Even more remarkable, the patient didn’t die from the operation. In fact, they lived for at least six to nine more years. The ends of the leg bones had fully healed, and their smaller size suggested the procedure happened during childhood, before the leg could finish growing.

In other words, thousands of years ago, deep in the rainforest, someone had both the skill and the knowledge to save a child’s life through surgery, long before anyone even dreamed of a hospital.

Prehistoric Surgery That Defies Imagination

Just imagining what surgery must have been like in the Stone Age is enough to give you goosebumps. No anesthesia. No sterile tools. No formal knowledge of anatomy.

And yet, thousands of years ago, someone in Borneo managed to perform an amputation so precise that the patient survived.

The bones themselves tell the story: the cut was clean, and the vital tissues—blood vessels, veins, and nerves—were carefully managed.

Without that level of precision, the patient would have died from blood loss or infection. Instead, the wound healed perfectly. Scar tissue formed, bone closed, and the individual went on living, though likely with limited mobility.

This discovery suggests that prehistoric hunter-gatherers in Kalimantan had a surprisingly advanced understanding of the human body, far beyond what scientists once believed possible for that era.

Signs of Compassion

The find also sheds light on something equally profound: the social lives of these early people. As paleopathologist Melandri Vlok points out, the amputee would not have been able to move as freely as the rest of the group. And yet, they lived for years after the operation.

That means their community must have cared for them, providing food, protection, and support despite their limited mobility. It’s a rare and moving glimpse into empathy and social bonds among prehistoric humans, who are often thought of as living in a harsh, survival-of-the-fittest world.

The World’s Oldest Amputation

Before this discovery, the earliest evidence of surgical amputation came from a 7,000-year-old skeleton of a Stone Age farmer in France who survived the removal of an arm.

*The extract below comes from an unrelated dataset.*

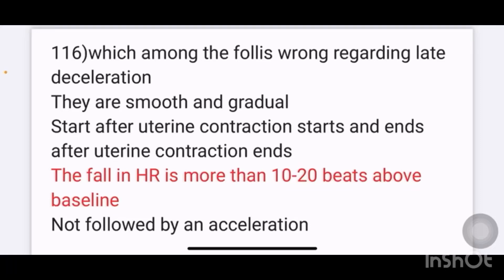Inesit recall November 2022: Which among the following is wrong regarding late deceleration? Options: they are smooth and gradual; start after uterine contraction starts and end after uterine contraction ends; the fall in heart rate is more than 10 to 20 beats above baseline; not followed by an acceleration. The answer is: the fall in HR is more than 10 to 20 beats above baseline — this is the wrong statement about late deceleration.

There is also evidence of trepanation, prehistoric skull drilling, in parts of Eurasia and the Americas.

But this Borneo skeleton is much older: about 31,000 years old. That makes it the oldest known evidence of a successful surgical procedure in the world.

Archaeologist Tim Maloney calls this a major breakthrough. For years, researchers assumed that medical skills like amputation only appeared tens of thousands of years later, after humans began farming and living in permanent villages about 10,000 years ago. The Liang Tebo discovery completely rewrites that timeline, showing that hunter-gatherers in Borneo were capable of complex surgery far earlier than anyone expected.

The full findings have been published in the journal Nature.